The biggest problem I see with this SRFI, to the point of crippling its adoption, is that it's so huge. So here are some suggestions about how to significantly decrease its size:
The removal of read-symlink eliminates the ability to round trip them, which makes all symlink awareness superfluous, including the option to not chase. This also helps with the reported 3 kinds of not quite as good symlinks Windows has.
These are even less justifiable than read-symlink per the 80/20 rule: user-login-name, file-info-regular?, file-info-block-special?, file-info-character-special?
file-info-socket? and system-name belong to a networking SRFI. current-timezone and current-locale make no sense just by themselves.
Every function that takes a filename and also a port and/or file descriptor should be scrutinized for dropping port and/or file descriptor under the 80/20 rule, and I think all of 3.6 User and group database access also fails that test.

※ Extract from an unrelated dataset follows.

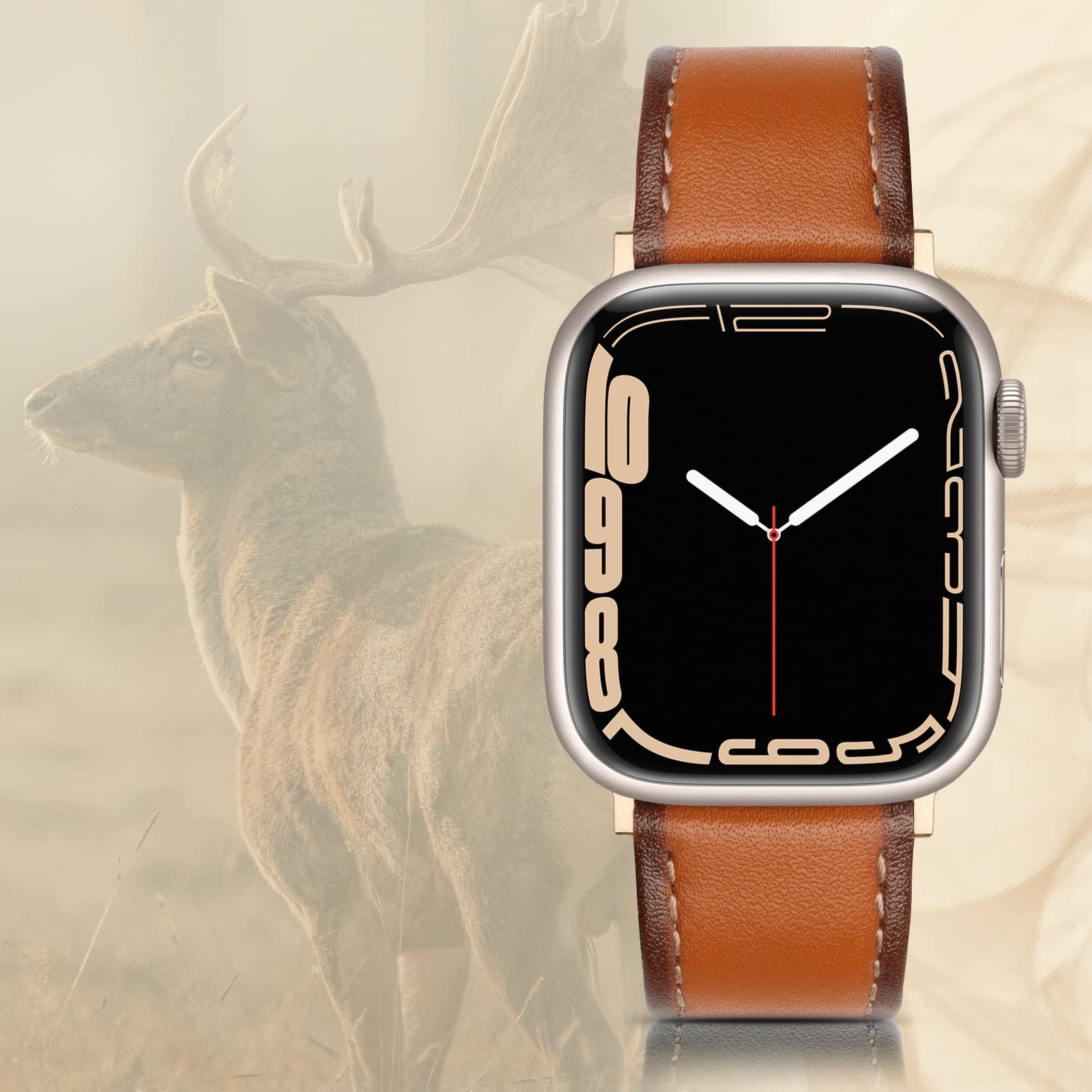 Foto 5 | Correa Swees para Apple Watch - Venta Internacional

The SRFI should be divided into a base, and break out into another SRFI everything pertaining to separate processes. At first glance I think that would move:
In 3.2 I/O, dup->fdes
In 3.3 File system, create-fifo
All of 3.4 Processes.
In 3.5 Process state, pid, parent-pid, process-group, set-process-group, and set-priority, and nice removes the process-object/pid argument, only affects the calling process. Not sure about the myriad get and set uid/gid; as I understand it, some are only relevant in the context of exec, but don't some set-uid or -gid program want to lower their privileges after starting?
All of 3.9 Signal system, which are signal-process and signal-process-group.
In 3.12 Terminal device control, I think open-control-tty, become-session-leader, tty-process-group, and set-tty-process-group.